A common deployment topology is like this:

  • Master node:
    • Apache Spark viewpoint: We have the cluster manager that launches the driver programs (program with the data processing logic) and coordinates the computing resources for its execution. It’s like OS scheduler but at a cluster level
    • Hadoop FS viewpoint: We have the name node with the file system metadata. It contains the information of the tree structure and inodes and it knows where each data block resides physically in the cluster (in which data node)
  • Worker nodes:
    • Apache Spark viewpoint: We have the executors. This is the runtime environment (computing resources container) where the tasks associated to the driver program logic are really executed. In this case, the tasks are executed in parallel (several tasks in the same node) and distributed (tasks on different nodes)
    • Hadoop FS viewpoint: We have the data nodes. This is where the data blocks (each files is divides in several data blocks) physically reside. Data blocks are distributed in the cluster for scalability/high performance and replicated by default at least in 3 nodes for availability (of course, we need at least 3 nodes in the cluster for this). Each data block is by default 64MB of size.

I can visualize the former deployment topology using the following diagram as shown in the figure 01.

02

Figure 01

These are the steps that I follow to create a cluster:

Step 01. In all the nodes, I configure the DNS (/etc/hosts) to associated hostname and IP correctly

Step02: In all the nodes, I create a user for running Spark and Hadoop under this security context.
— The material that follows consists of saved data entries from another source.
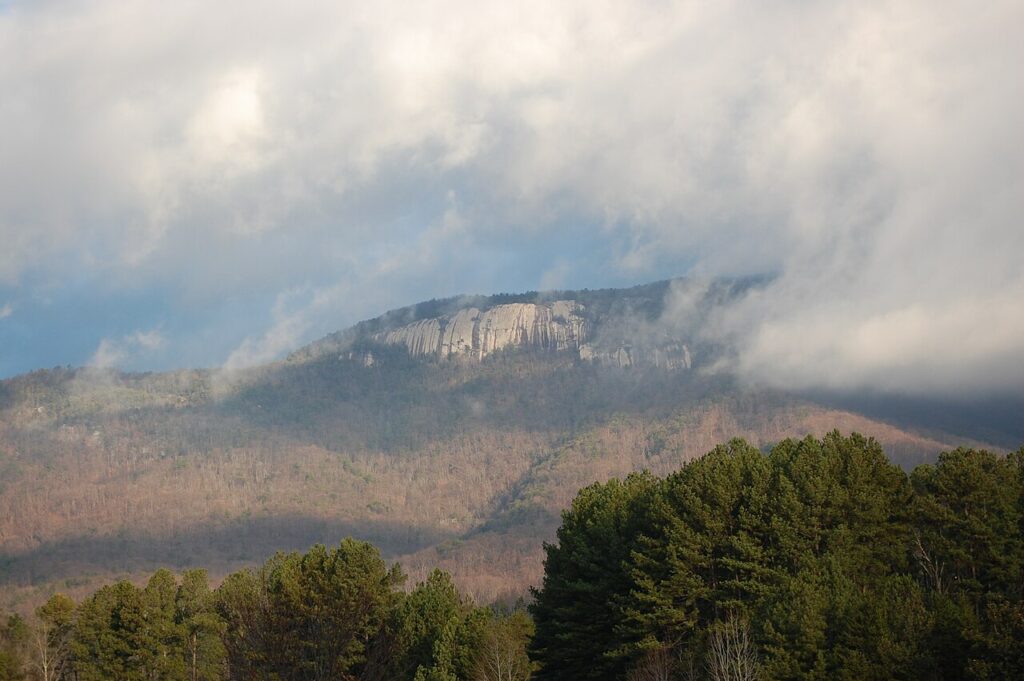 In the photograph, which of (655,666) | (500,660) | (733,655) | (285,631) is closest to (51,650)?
→ (285,631)

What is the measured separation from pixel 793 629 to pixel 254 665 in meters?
29.2

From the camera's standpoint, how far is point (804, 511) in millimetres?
54062

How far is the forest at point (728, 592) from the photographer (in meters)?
45.5

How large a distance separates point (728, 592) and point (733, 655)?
5.07m

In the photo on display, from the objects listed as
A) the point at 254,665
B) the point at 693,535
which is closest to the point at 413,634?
the point at 254,665

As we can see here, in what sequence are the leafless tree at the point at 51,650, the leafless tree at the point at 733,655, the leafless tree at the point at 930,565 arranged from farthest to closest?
the leafless tree at the point at 51,650 < the leafless tree at the point at 930,565 < the leafless tree at the point at 733,655

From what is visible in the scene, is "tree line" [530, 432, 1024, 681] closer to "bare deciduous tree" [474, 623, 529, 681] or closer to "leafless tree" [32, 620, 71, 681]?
"bare deciduous tree" [474, 623, 529, 681]

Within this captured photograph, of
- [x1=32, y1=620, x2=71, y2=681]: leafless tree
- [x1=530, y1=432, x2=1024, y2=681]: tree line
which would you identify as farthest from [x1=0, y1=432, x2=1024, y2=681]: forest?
[x1=32, y1=620, x2=71, y2=681]: leafless tree

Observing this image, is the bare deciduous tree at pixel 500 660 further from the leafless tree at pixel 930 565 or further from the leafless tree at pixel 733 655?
the leafless tree at pixel 930 565

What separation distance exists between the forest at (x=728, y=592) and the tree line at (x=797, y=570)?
0.11 metres

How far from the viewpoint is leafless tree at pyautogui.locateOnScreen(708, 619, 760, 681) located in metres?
46.2

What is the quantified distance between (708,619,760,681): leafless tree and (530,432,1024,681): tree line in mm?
124

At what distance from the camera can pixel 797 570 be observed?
→ 5300 cm

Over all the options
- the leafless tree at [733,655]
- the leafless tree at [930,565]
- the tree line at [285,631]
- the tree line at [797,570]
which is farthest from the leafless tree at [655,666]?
the leafless tree at [930,565] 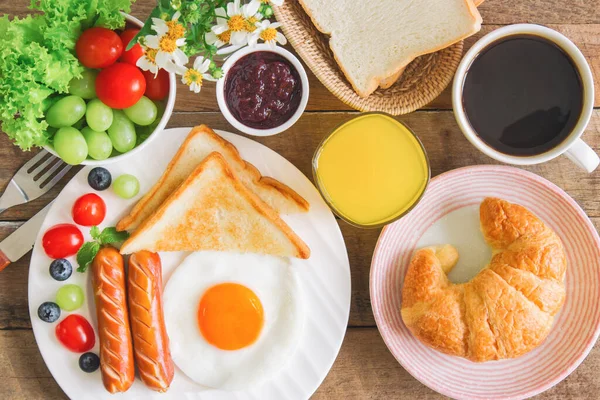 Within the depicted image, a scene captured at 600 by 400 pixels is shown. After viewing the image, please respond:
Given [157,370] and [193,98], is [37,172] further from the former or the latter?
[157,370]

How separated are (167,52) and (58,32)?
0.34 metres

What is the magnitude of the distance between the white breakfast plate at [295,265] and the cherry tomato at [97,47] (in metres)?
0.37

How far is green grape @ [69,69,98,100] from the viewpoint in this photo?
1739 millimetres

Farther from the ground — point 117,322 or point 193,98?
point 193,98

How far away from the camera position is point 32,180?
2.05 m

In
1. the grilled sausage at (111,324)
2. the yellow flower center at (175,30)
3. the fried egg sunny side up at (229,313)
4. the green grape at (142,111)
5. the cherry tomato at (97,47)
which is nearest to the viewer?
the yellow flower center at (175,30)

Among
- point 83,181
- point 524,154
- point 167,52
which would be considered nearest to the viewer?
point 167,52

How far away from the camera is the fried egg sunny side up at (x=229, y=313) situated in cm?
201

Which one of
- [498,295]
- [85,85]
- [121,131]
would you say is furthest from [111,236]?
[498,295]

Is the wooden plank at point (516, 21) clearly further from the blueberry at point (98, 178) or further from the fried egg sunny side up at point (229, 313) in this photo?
the fried egg sunny side up at point (229, 313)

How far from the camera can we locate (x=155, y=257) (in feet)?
6.48

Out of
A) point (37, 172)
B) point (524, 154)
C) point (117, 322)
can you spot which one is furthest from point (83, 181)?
point (524, 154)

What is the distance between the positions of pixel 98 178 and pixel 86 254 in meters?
0.26

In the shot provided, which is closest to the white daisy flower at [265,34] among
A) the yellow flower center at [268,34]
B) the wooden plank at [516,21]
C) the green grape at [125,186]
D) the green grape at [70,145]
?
the yellow flower center at [268,34]
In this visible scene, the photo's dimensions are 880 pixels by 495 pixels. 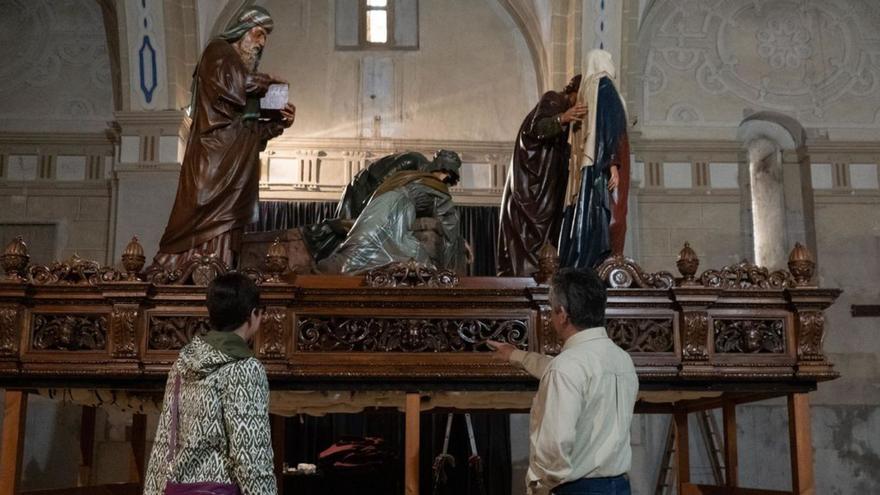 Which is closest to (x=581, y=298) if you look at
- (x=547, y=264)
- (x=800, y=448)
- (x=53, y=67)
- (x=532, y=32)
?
(x=547, y=264)

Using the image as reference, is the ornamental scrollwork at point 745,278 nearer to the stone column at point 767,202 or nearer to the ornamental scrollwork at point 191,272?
the ornamental scrollwork at point 191,272

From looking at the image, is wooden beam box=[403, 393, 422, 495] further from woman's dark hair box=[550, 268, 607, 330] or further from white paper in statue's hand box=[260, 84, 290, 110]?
white paper in statue's hand box=[260, 84, 290, 110]

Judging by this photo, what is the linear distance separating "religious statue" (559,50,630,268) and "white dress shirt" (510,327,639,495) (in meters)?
2.29

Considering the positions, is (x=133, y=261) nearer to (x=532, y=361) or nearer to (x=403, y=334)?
(x=403, y=334)

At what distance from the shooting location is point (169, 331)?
490cm

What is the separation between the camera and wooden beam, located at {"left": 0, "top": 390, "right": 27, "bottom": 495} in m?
4.64

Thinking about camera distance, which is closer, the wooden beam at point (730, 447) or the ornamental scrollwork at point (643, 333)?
the ornamental scrollwork at point (643, 333)

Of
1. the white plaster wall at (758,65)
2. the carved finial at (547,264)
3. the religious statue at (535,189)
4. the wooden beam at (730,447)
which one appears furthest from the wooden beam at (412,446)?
the white plaster wall at (758,65)

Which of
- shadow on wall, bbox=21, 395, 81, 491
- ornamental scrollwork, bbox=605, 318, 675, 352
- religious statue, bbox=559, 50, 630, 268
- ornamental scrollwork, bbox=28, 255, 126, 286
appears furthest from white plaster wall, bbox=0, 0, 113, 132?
ornamental scrollwork, bbox=605, 318, 675, 352

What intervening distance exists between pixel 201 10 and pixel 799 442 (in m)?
8.17

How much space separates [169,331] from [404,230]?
5.53ft

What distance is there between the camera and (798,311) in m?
4.94

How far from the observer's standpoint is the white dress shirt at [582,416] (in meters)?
3.04

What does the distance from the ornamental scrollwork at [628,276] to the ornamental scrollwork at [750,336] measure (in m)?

Let’s say sparkuser. As well as, I install the dependencies: Java and Scala

Step03. In the master node, I configure SSH login without password for root and sparkuser onto the worker nodes. For root user, it makes easy the automated provisioning. For the sparkuser user it’s required for running the Spark cluster. This is done using PKI mechanism and there are a lot of docs related

Step04. In all the nodes, I install and configure the base Hadoop as shown in the listing 01.

#!/bin/bash

# Parameters for settings

SPARKUSER=$(cat conf/spark.user.name.conf)

SPARKMASTER=$(cat conf/spark.master.node.conf)

HADOOPBASEDIR=$(cat conf/deploy.dir.conf)

HADOOPCONF=$HADOOPBASEDIR/hadoop/etc/hadoop

echo “—– Downloading and installing Hadoop 2.7.1 in the directory $HADOOPBASEDIR/hadoop”

wget http://apache.mirrors.tds.net/hadoop/common/hadoop-2.7.1/hadoop-2.7.1.tar.gz

tar zxvf hadoop-2.7.1.tar.gz

rm -fr hadoop-2.7.1.tar.gz

mv hadoop-2.7.1 $HADOOPBASEDIR

mv $HADOOPBASEDIR/hadoop-2.7.1 $HADOOPBASEDIR/hadoop

echo “—– Setting environment variables for Hadoop 2.7.1”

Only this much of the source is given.